The Garonne was almost frozen. In spite of all his virtue, Gabriel hesitated.
One seeing the red lantern of a tobacconist’s shop gleaming in the distance, however, he made one of those heroic movements familiar to operetta tenors and dived in.
This time, Artemise remained pensive.
“Well, well,” she finally revealed, after having plunged the green flame of her sharp eyes into the very depths of her dear man. “So you also need a tobacconist’s shop?”
The rescuer uttered a cry of rage, and fainted.
7
Gabriel was ill for a long time. Delirium seized him every day, and his desiccated lips then released cataracts of absurd words: virtue, medal, cross of bravery, Prix Montyon and caporal tobacco. All of that terminated with an: “It’s not true! It’s for virtue!” that was capable of breaking windows.
He got better, however, Artemise having been obliged to absent herself for a fortnight.
On returning to Sainte-Eulalie, Madame Laferrade found him back on the quay, at his observation post.

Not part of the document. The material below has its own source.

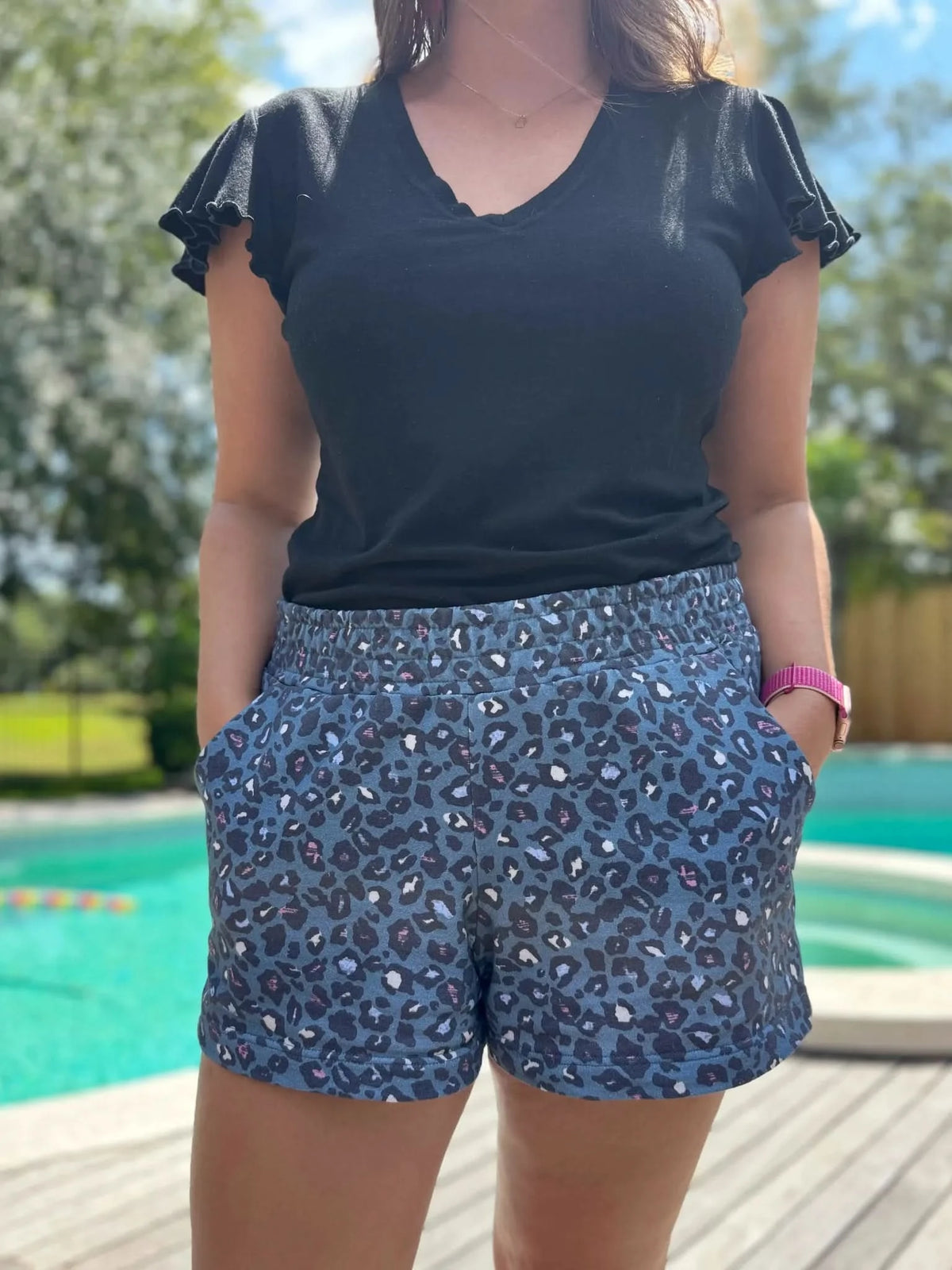 Teal leopard animal print fabric in summer design, shown as shorts with black top.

It was a spring day. In the sunshine, the trees in the public garden were wearing their beautiful green robes for the first time, brand new and very correct, as befit municipal trees. It felt good to be alive. The Garonne, white with light, was singing very soft airs against the black piles. One might have thrown oneself in for the pleasure of it.
Gabriel waited. He waited for a month, two months, a year.
Nothing.
8
He grew thinner.
“Are they going to make me stand here much longer?” he asked himself, casting an anxious gaze over Sainte-Eulalie.
The obliging friend renewed his request when the national festival arrived.
“How many times have you been refused?” he was asked.
“Three times.”
“We can’t do anything for you. It’s never granted until
after four refusals.”
Gabriel learned thus that he still had one person to snatch from certain death and one more refusal to endure.
The refusal was granted to him on the first of the year, but the rescue made him wait.
Summer, autumn and winter passed; spring brought the trees back into flower. Never a single suicide attempt.
It’s a spell cast by my wife, Gabriel thought.
He made a novena in order to ward it off.
Vain prayers. The Garonne continued flowing, without a single cadaver.
“They have a grudge against me around here!” the rescuer cried. “They only let me live to give me pain. Brigands!”
He showed kindness to all his acquaintances and rendered their life comfortable, hoping to soften them.
Illusory cares. The trees turned yellow again; the Garonne swelled up with autumnal rain; never a suicide on the horizon.
“Deny that there’s a crisis, then!”
And Laferrade sensed himself becoming a reactionary.
9
He voted against the government from that day on. Things did not get better.
The virtuous Gabriel became pale and lost sleep.
He had nightmares, and then fits of sleepwalking.
Mute and pale, with long phantasmal stride, he wandered along the Garonne. He prowled the deserted quays for a while, gazing at the water with empty eyes, extended his arms and, vertiginously, plunged into the river in search of imaginary drowning victims.
Oh, the drowning, the clusters of the drowning, the heaps of the drowning that he captured thus, that he brought back to the bank and made to file, white-faced and grateful, before the dazzled eyes of the administration! Oh, the medals, the heaps of medals and crosses that suddenly weighed down his breast and which covered him fabulously from head to foot like a triumphal armor of gilded scales…! Tobacco! Tobacco! Who wants packets of tobacco!